Private sector spending on single-family homes fell by a sharp 3.1 percent to a seasonally adjusted and annualized rate of $467.5 billion in June. Compared with a year ago, spending in this category is up 8.4 percent. Single-family homes are the most sensitive to interest rate changes. In June, the average interest rate on a 30-year fixed mortgage rose to 5.52 percent, the highest since November of 2008, and has declined slightly in July.
Home improvement spending was surprisingly steady at around $355 billion. The figures are not, however, adjusted for inflation.

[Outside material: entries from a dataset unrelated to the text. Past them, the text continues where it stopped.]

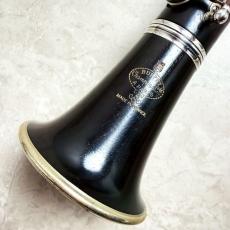 Buffet Crampon 中古RC(E♭)_7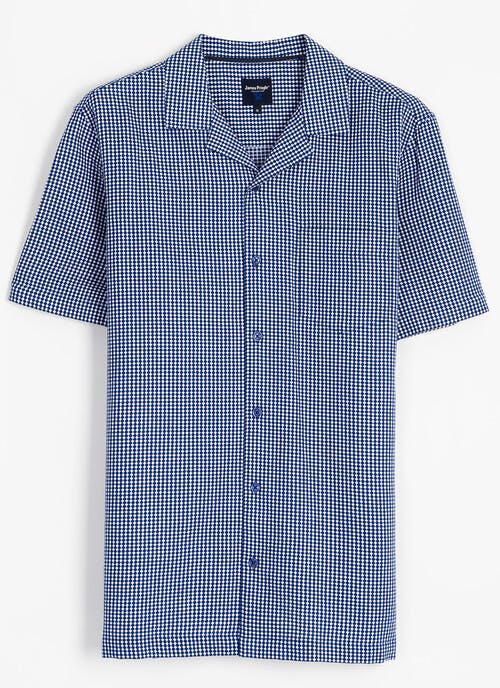 Summer Shirt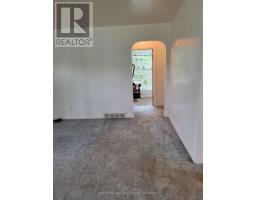 575 11TH STREET - 4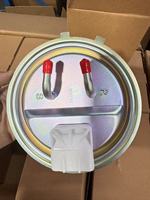 Auto Engine Parts Fuel Pump Module Assembly 93285978-A for Chevrolet Corsa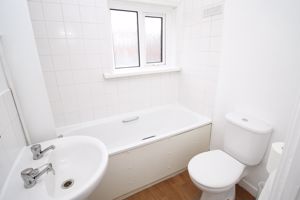 Bathroom- click for photo gallery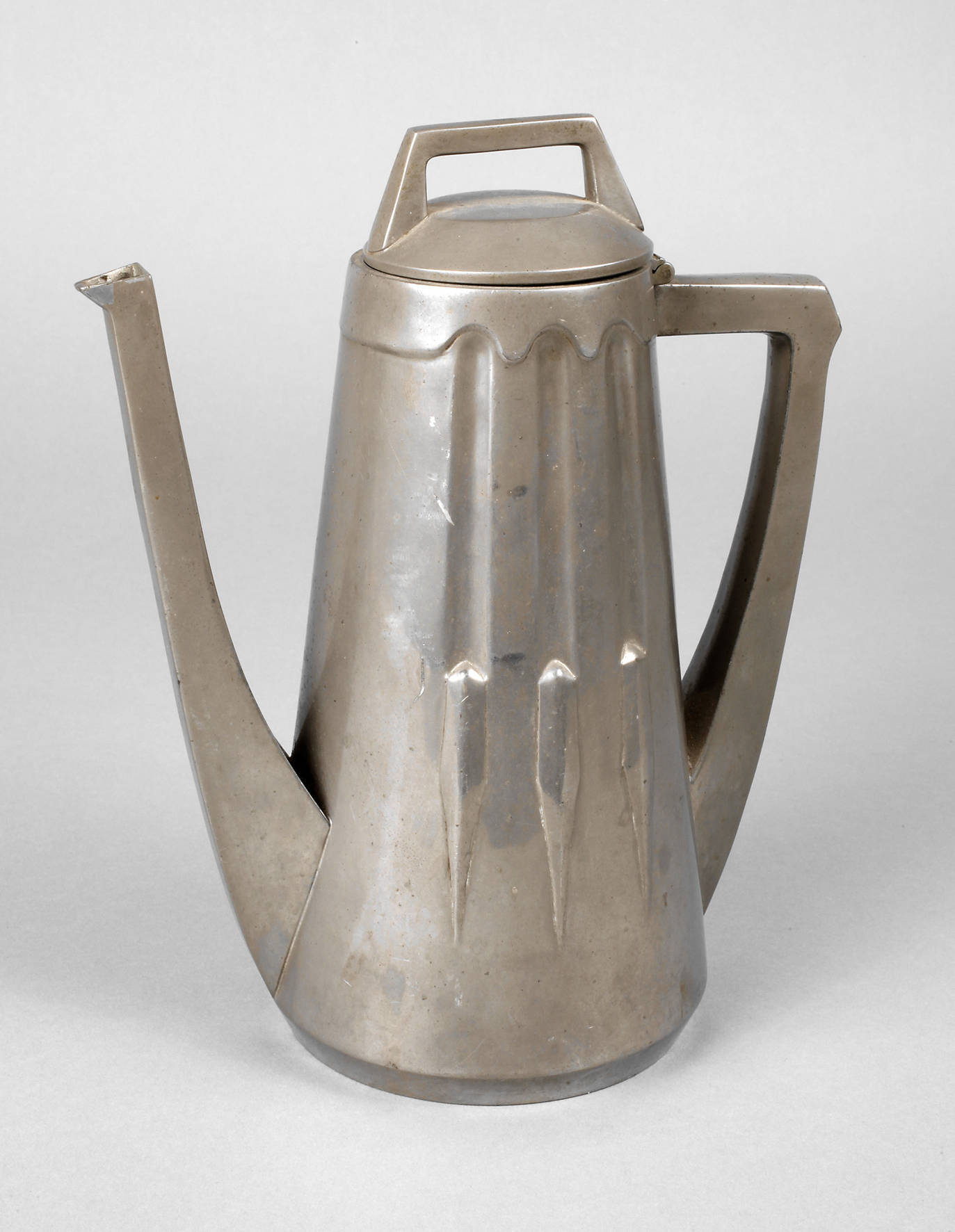 Peter Behrens Kaffeekanne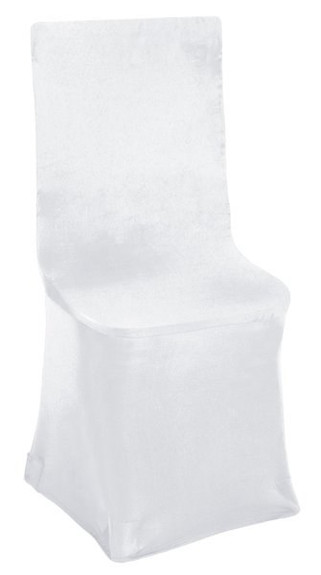 Valento FDVATHR - Slipcover THRONE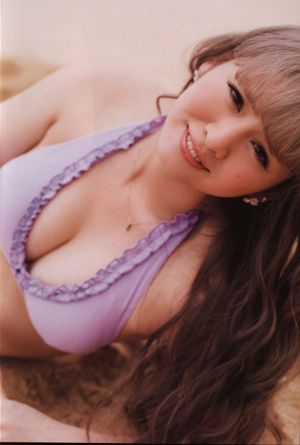Alo Hello! Berryz Kobo Photobook 2013 [PB]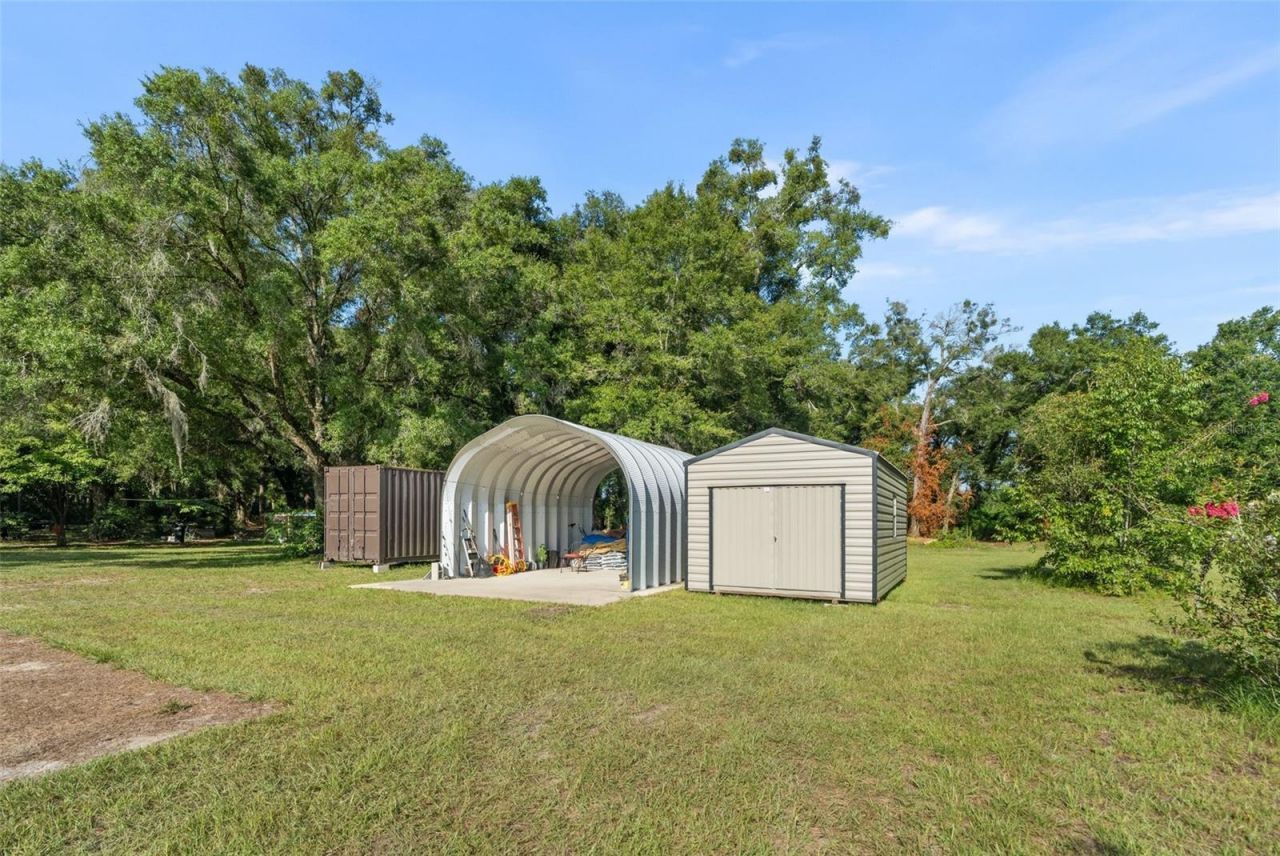 79 NW 55th Avenue , Bell, FL 32619 Photo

So this could reflect rising prices amid a decline in activity.
Overall outlays for construction projects dropped 1.1 percent in June at a seasonally adjusted annual rate of $1.76 trillion. Economists had been expecting a 0.4 percent increase. The May figure was revised up to show a 0.1 percent rise from the preliminary report showing a 0.1 percent decline.
Non-residential spending declined 0.5 percent. Spending fell by 1.8 percent to a seasonally adjusted annual rate of $97.8 billion in power-related construction and is down 14.9 percent from a year ago. Private sector manufacturing construction fell 0.1 percent to $92.3 billion in June but is up 202 percent from a year ago. Commercial construction fell 0.6 percent to $99.5 billion. Compared with a year ago, it is up 10.8 percent.
Office construction spending rose 0.5 percent in June to $73.4 billion but is down 2.1 percent from a year ago. Spending to build hotels and motels fell 0.2 percent to $16.4 billion and is down 2.1 percent from a year ago.
Government construction spending fell 0.5 percent in June and is up 0.4 percent from a year ago. This decline was unexpected. There was a big drop in highway and road construction—the biggest category of public construction spending—where spending fell 2.7 percent in June to $97.4 billion. Public spending on educational facilities, the second largest government category, fell 0.7 percent in June and is off 4.8 percent from a year ago. The third largest category, transportation, saw spending decline one percent in June compared with the prior month to $40.4 billion and 2.7 percent compared with a year ago.
The Commerce Department figures are seasonally adjusted and annualized but not adjusted for changes in price. As a result, the growth or decline numbers may not accurately reflect changes in real activity. High inflation can make bigger declines in real expenditures, for example.